Objectives: Incomplete external cause of injury (E) coding limits the usefulness of hospital discharge data sets for injury surveillance and research. Hospital medical records were examined to determine whether they contained adequate cause of injury documentation to allow for more complete E coding of injury discharges.

Methods: Medical records for a sample of discharges involving a principal diagnosis of injury from the Uniform Hospital Discharge Data Set for Rhode Island were selected. We assigned E codes to these discharges and compared our E codes with those of the discharge data set.

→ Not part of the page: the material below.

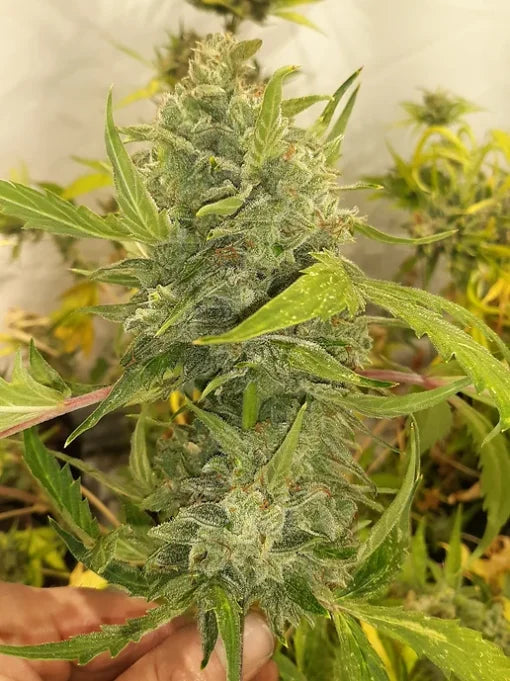 TwistedTree | Twisted Cookies F5 | Auto Flower Cannabis Seeds Female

Results: Documentation of cause of injury in the medical records was sufficient to allow assignment of a specific E code to 70% of the injuries for which no E codes or vague E codes were submitted on the Uniform Hospital Discharge Data Set. It was estimated that specific cause of injury documentation is available in the medical records of 80% of all injury discharges in Rhode Island; for approximately 90%, an E code describing at least the broad cause of injury could be assigned.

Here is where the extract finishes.